A regular under Jose Figuera, Kilkolly became surplus to requirements under the Scott Hales reign this summer when former Wellington Phoenix player Hamish Watson and Englishman Sam Mason-Smith came into the fray. Both are ex-Bay United players who had served under former English mentor Brett Angell.
Kilkolly — who had returned from a stint in Lithuania to help Angell's side book a playoffs berth — had played the first four games, coming off the bench twice this season for Team Wellington.
The former O-League golden boot winner, who represented Team Wellington at the Club World Cup last year, is pleased to have ticked all those boxes.
Having played under Greatholder and Robertson during the Napier City Rovers winter league campaigns made his transition here easier.
Training here on Thursday and Fridays for Sunday matches is a tall order but Kilkolly's keen to make it work in the quest for a playoffs for the co-coaches in their first season at the helm as a combination.
"Obviously I prefer to be with Hawke's Bay sort of the whole league to become part of team much easier so we're trying to find a happy medium, really."
He found his first training last Thursday quite productive, considering he hasn't played for almost two months.
The chemistry among the lads hasn't missed his attention although he had read about the cohesiveness built in a culture of encouragement and devoid of self-importance over the collective.
"We all strive to make the playoffs and there are no individuals or egos so we're all sort of into this kind of together on one goal," he says.
Kilkolly says Bay United were aware of City's unblemished status so the intent always was to go there to express themselves.
"We had nothing to lose because people expect us to go there to lose so we wanted to go there to get a result but, obviously, they took their chances on the day and we didn't take ours."
From where he's been scanning the premiership landscape, Auckland City (on 24 points on the ladder) have been the only ones to have had a grip on the competition while Team Wellington, on 18, aren't really out of the wilderness just yet.
Everyone, he reckons, needs to start building some consistency. It's all good to have one over the Wee-Nix but it's equally imperative to stamp their supremacy over a resurgent Tasman United.
No doubt Greatholder is losing patience, agreeing last Sunday talk is becoming cheap in a ritual where losses tend to prompt the urge to look for "positives" but teams live or die on eking out at least a point, if not the maximum three to stay in the hunt.
"It's a crazy league this year," says Kilkolly, after Hamilton Wanderers upset Team Wellington 1-0 last weekend. "Hamilton [third on the ladder] are probably one of two teams who were near the bottom three games ago and they have sort of gone on to [move up the ladder]."

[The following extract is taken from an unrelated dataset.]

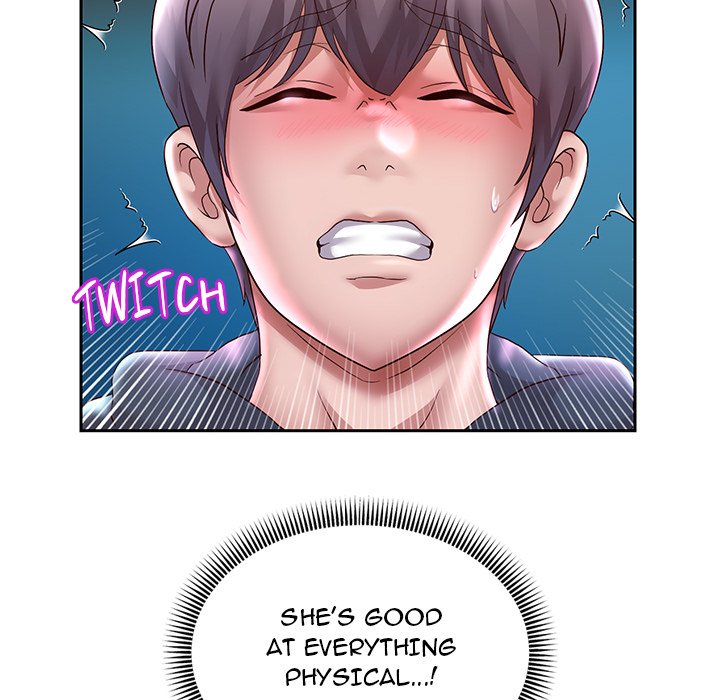 Born with a Surprise (Toomics) Chap Chapter 24 - Episode 24-Born with a Surprise (Toomics) - Next Chap 26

Ditto fourth-placed Tasman United sit above Eastern Suburbs with sixth-placed Bay United three points adrift of Hamilton and tied on 12 points with Waitakere United.
That bottle-neck situation rings true for just about any franchise but how many of the eight remaining contenders will have enough desperation to convert that into points for the other two playoff berths rather than make a late run when the surface becomes more slippery.
With the Phoenix competing in the A-League on Friday night, the Wee-Nix are likely to have some of the peripheral squad members drop to the premiership ranks for game time considering the big boys have a bye next up.
"It's so tight that if you win two or three games in a row you'll find yourself in good positions so if we find some consistency we'll have no issues making the playoffs," says Kilkolly, who feels Bay United's attitude against City was fine and the hunger to score twice.
He hopes to add value to the quality already in the squad but agrees Greatholder's reaction is geared towards lifting them out of a cliche of creating opportunities that don't result in victories.